VesselFusion: Diffusion Models for Vessel Centerline Extraction from 3D CT Images

This paper introduces VesselFusion, a diffusion model-based approach that utilizes coarse-to-fine representation and voting-based aggregation to achieve more accurate and natural vessel centerline extraction from 3D CT images compared to conventional deterministic methods.

Soichi Mita, Shumpei Takezaki, Ryoma Bise

Published 2026-03-10
📖 4 min read☕ Coffee break read

Imagine you are looking at a 3D CT scan of a human body. Inside, there is a complex, branching network of blood vessels, like a dense forest of tiny, winding rivers. Doctors need to map out the exact path of these rivers (the "centerlines") to plan surgeries or diagnose diseases.

The problem? Drawing these paths by hand is incredibly tedious, and drawing them automatically with old computer programs is messy. Old programs are like rigid robots: they follow strict rules and often get confused by the foggy, blurry edges of the vessels, resulting in broken lines, dead ends, or weird loops that don't exist in real life.

Enter VesselFusion. Think of this new method not as a rigid robot, but as a team of expert artists working together to recreate a map of a forest.

Here is how it works, broken down into simple steps:

1. The "Sketch First, Detail Later" Approach (Coarse-to-Fine)

Imagine trying to draw a complex tree. If you try to draw every single leaf and twig at full size immediately, you'll likely mess up the proportions. It's better to start with a rough sketch of the main branches, then zoom in to add the details.

VesselFusion does exactly this. Instead of trying to guess the exact millimeter-perfect coordinate of every point in the vessel all at once, it breaks the job into two parts:

  • The Grid (The Sketch): It first figures out which "neighborhood" or grid block the vessel is in.
  • The Offset (The Detail): Once it knows the neighborhood, it calculates the tiny, precise distance from the center of that block to the actual vessel.

This two-step process makes it much easier for the AI to learn the shape without getting overwhelmed by the sheer amount of data.

2. The "Dreaming" Process (Diffusion Models)

Traditional AI models are like a student taking a test: they look at the question (the CT scan) and give one single answer.
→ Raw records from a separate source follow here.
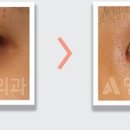 앤써성형외과의원 이미지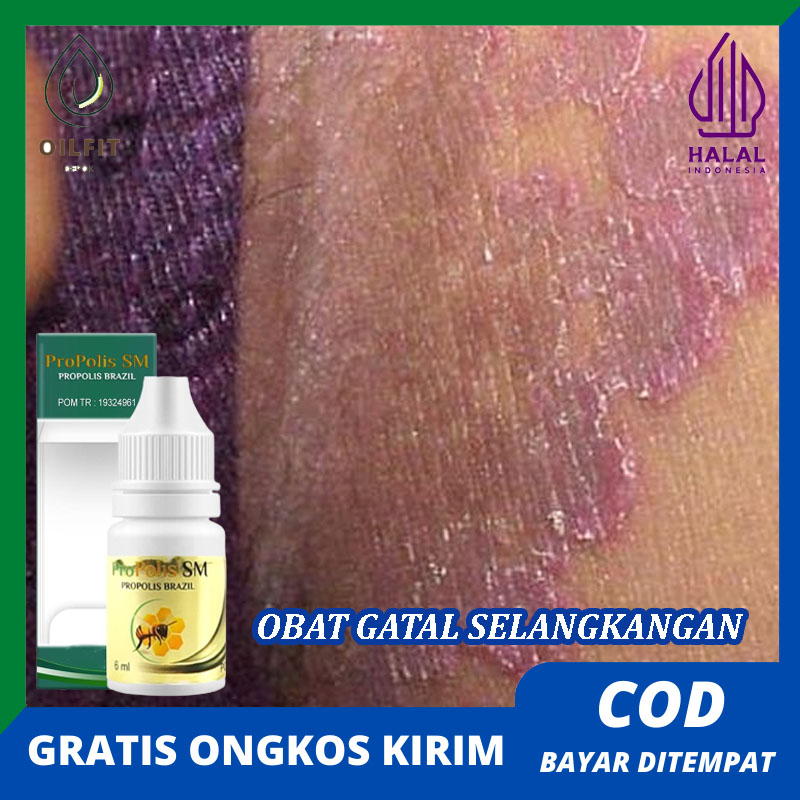 Jual Obat Selangkangan Gatal dan Hitam Berjamur Jamuran Bersisik Bintik ...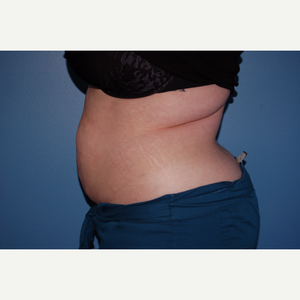 John W Zinsser Md Reviews Before And After Photos Answers Realself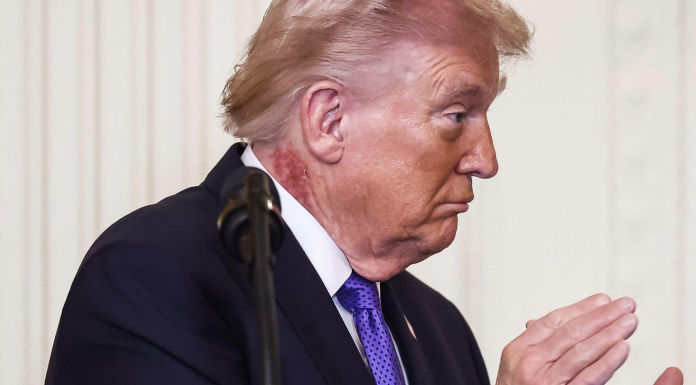 Donald Trump a fost supus celui de-al treilea control medical în 13 luni: ce a declarat președintele SUA care face 80 de ani în iunie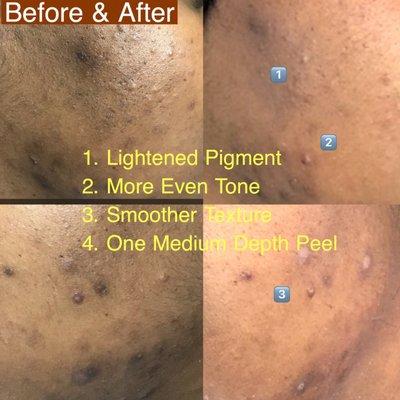 Patient great results following 1 medium depth medical grade chemical peel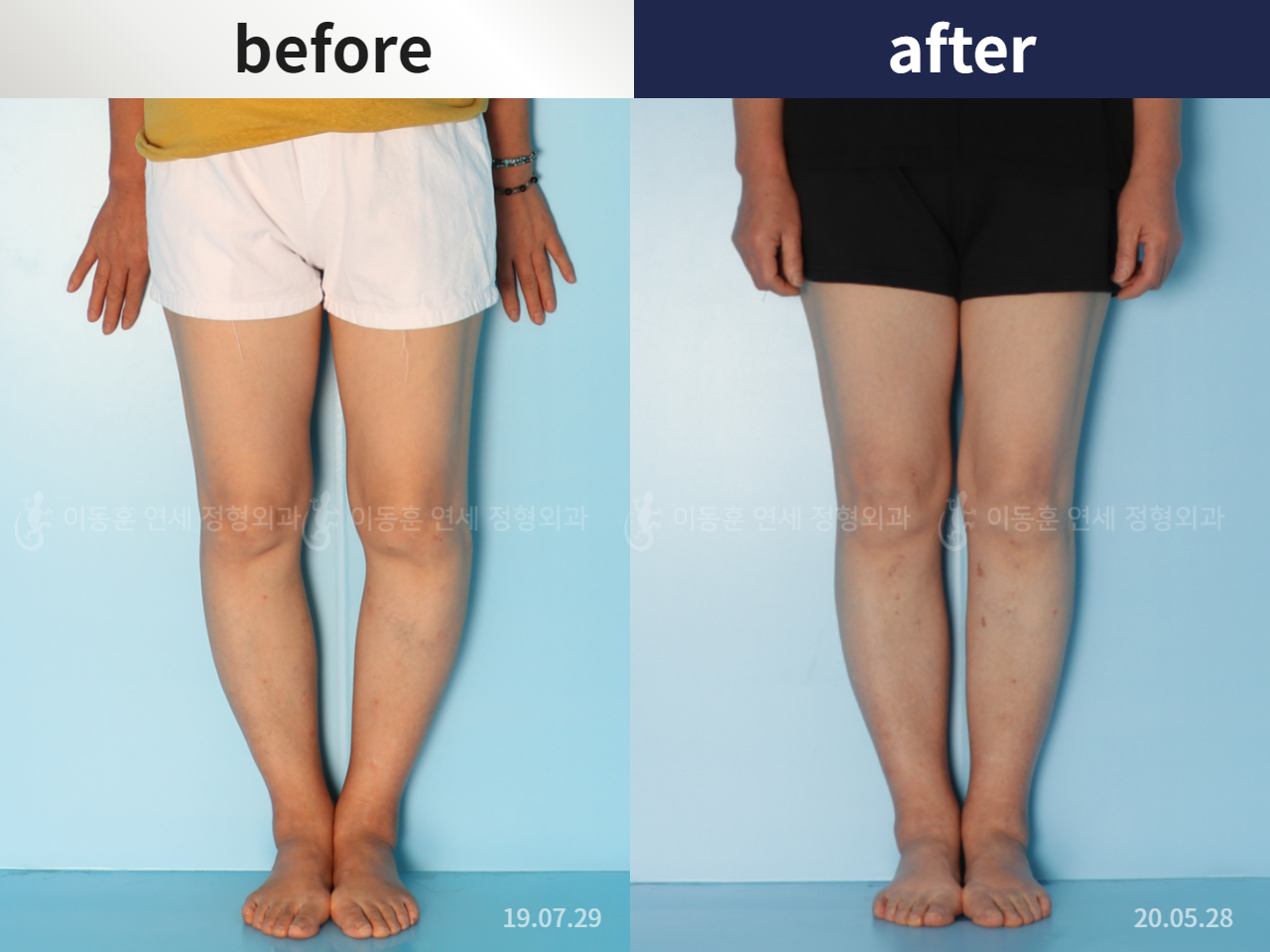 Before and after flexion deformity, case 5987528, image 3, Dr. Donghoon institute (DALRI)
If they are wrong, the answer is just wrong.

VesselFusion uses a Diffusion Model, which is more like an artist refining a sketch.
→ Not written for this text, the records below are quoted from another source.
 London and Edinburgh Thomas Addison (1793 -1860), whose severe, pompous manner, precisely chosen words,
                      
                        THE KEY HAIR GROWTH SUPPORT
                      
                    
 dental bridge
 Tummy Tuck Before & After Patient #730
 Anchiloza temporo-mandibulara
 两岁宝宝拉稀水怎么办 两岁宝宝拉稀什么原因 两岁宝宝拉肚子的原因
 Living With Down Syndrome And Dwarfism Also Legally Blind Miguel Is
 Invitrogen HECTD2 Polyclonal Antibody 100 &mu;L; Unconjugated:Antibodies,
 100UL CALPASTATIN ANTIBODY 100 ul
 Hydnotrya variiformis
  • Imagine starting with a piece of paper covered in static noise (like TV snow).
  • The AI slowly "denoises" this picture, step-by-step, guided by the CT scan image.
  • With each step, the noise turns into a clearer picture of the vessel.
  • Because the AI has "learned" what healthy blood vessels look like from thousands of examples, it knows to avoid creating impossible shapes (like a vessel suddenly turning into a square or a loop that shouldn't be there). It captures the variability of nature, understanding that vessels can look slightly different in every person.

3. The "Council of Experts" (Voting-Based Aggregation)

Here is the catch: because the AI starts with random "noise" (like a random sketch), one single attempt might still produce a weird result—maybe a tiny tear in the line or a stray loop.

To fix this, VesselFusion doesn't just ask for one answer. It asks 100 different "versions" of itself to draw the map, each starting with a slightly different random noise.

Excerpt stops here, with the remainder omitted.